Pakistan’s first Nobel Prize laureate, Dr Abdus Salam’s residence in Britain has been declared a national heritage site by the government of the United Kingdom.
Founder of the Theoretical Physics Department at Imperial College London, the scientist had stayed in the residence from 1957 till his passing in 1996.
The UK Heritage installed a Blue Plaque outside his former home reading, “Abdus Salam 1926-1996, Physicist, Nobel Laureate and Champion of Science in developing countries, lived here.”
Professor Michael Duff, who completed his PhD under Salam’s supervision in 1972, praised this acknowledgement. “A blue plaque on the house in Putney where he lived for 40 years is a fitting tribute to Nobel Laureate Dr Abdus Salam’s, who was not only one of the finest scientists of the twentieth century, having unified two of the four fundamental forces of nature, but who also dedicated his life to the betterment of science and education in the developing world,” he wrote.

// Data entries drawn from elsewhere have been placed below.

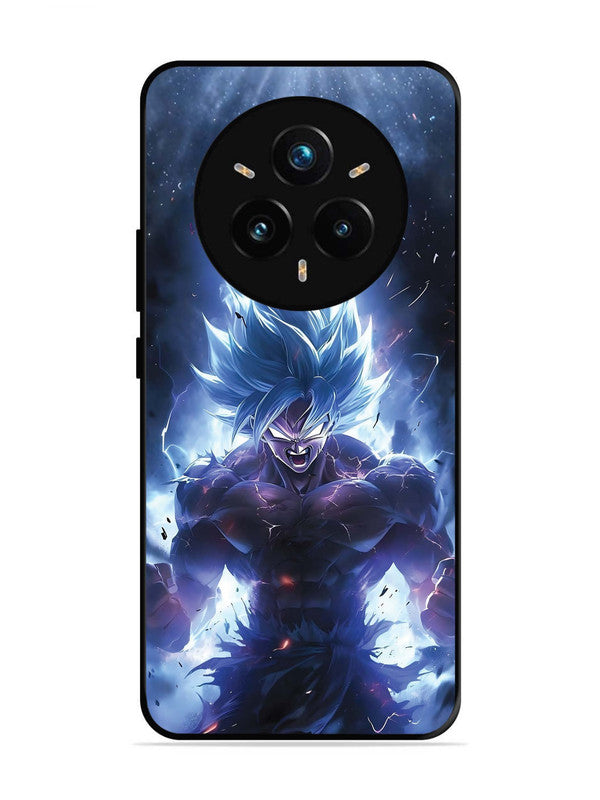 realme 14 pro plus 5g Super Saiyan Blue and Angry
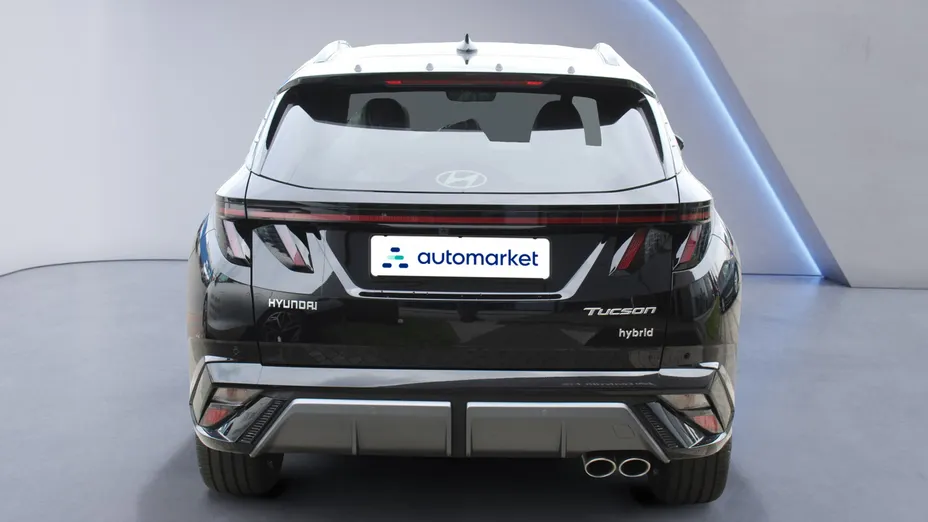 HYUNDAI Tucson Tucson 1.6 T-GDi HEV N-Line 2WD aut Nowy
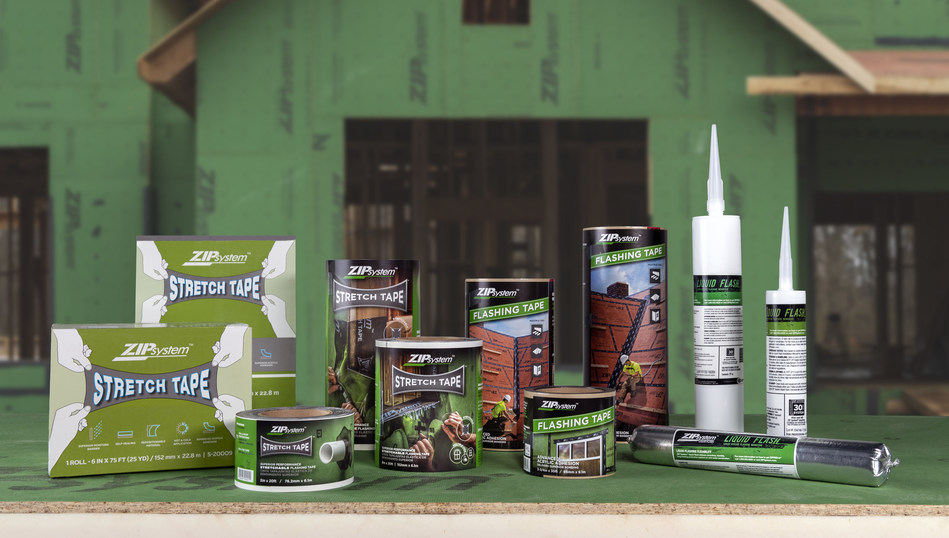ZIP System® building enclosures expands and enhances sealing solutions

While Professor Ian Walmsley, another one of Salam’s students said, “commitment to science deep, as exemplified by his founding of the International Centre for Theoretical Physics in Trieste, which has the aim of building science capability and capacity in the developing world.”
His son Ahmad Salam went on to reassure that the words on the plaque would’ve made his father quite happy. “For him, above all else, that was the legacy he wanted to impart.”
Professor Salam had bagged the Nobel Prize for his contribution to the electroweak unification theory.